I've stewed for three days now over a robbery. No it wasn't something expensive in the monetary sense, but it was something priceless taken from the Grands and I. And it makes no sense.
Not long ago I shared with you the crazy wonderful gift sent to us by our friend Gail from At the Farm. She sent us a box of rocks.....and lightening struck wood, shells, glass, feathers......all the things that the Grands and I drooled over. We talked over our use of said wonder items for weeks. Then we struck upon an idea to make an altar that the wind could blow through and take our love for all things earthly and spread it around. And the altar could be something we could add to as we go about collecting bits and pieces of the beauty of nature.
We were constructing this altar from one of the two vintage find screen doors we had gotten this spring. We affixed shells, rocks, bark, pinecones, herbs, dried flowers and grasses along with bits of glass and raffia in a mandala shape on the upper screen and used the middle wooden part to add a shelf with holes for candle holders so that we could really use the altar for our earth appreciation.
We finished it on Sunday late afternoon and put it on the front porch in it's place of honor. We had a dinner planned on Monday for the anointing of the altar and the fire pit was ready with pinon wood so that we could enjoy the evening even if it was cool.
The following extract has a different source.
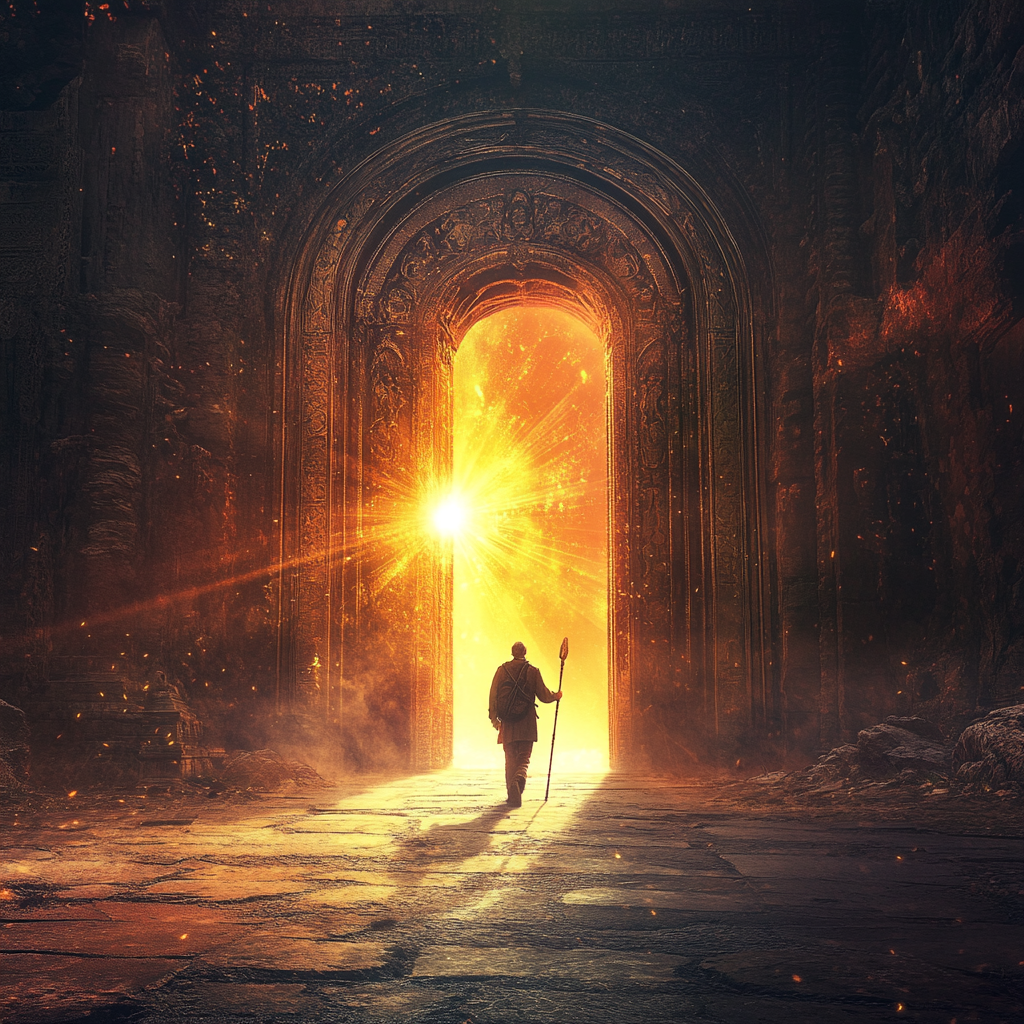 Traveler with staff walks to ancient open door, sunlight.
I was washing the dishes Monday morning when I heard GK go out the front door. Then I heard this wail and I hobbled out front as quickly as I could. The altar was gone. GK was sitting on the concrete in hysterics. There was no sign of the altar.
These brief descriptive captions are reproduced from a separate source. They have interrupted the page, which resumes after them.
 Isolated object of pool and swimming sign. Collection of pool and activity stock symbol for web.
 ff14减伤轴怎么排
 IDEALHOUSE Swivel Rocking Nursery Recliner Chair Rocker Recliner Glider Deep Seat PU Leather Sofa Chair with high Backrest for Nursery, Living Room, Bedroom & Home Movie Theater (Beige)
I walked the neighborhood three different times of day and I have no doubt now that whoever took it, got away with it. The only thing I found was one of the blue feathers that Gail sent us from one of her walks of her wonderful and magickal Arkansas farm. I have cried for three days over this mess. And then I got up this morning and wrote to Gail to let her know. Screwed my head on again and realized that we can do it again......or not. But to be angry and sad about it only lets the ugly person who took our hard work love piece, win. And they can't.
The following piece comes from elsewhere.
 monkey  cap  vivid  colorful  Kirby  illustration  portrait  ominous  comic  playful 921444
I blame myself for not securing it to the wall as we were going to do Monday afternoon. But even that may have not kept them from taking what they wanted. All I can do it know that we did a damn fine job of making something beautiful enough that someone else needed to take it.
And the real heart breaker.......we were so busy and having such a great time with our creation that we have no pictures to share. Except the ones in our minds eyes. It was fabulous my lovelies. My grands are so OCD......or as GK says CDO cuz if you really are....you are going to alphabetize the letters. tee hee. Everything was a pattern, everything had a place, everything was orderly much like the Navajo sand paintings or other aboriginal dream work.
We were honoring our Mother and we did a good job. The wind is still taking our love and appreciation and spreading it every time the breeze blows through the screen door.....no matter where it is.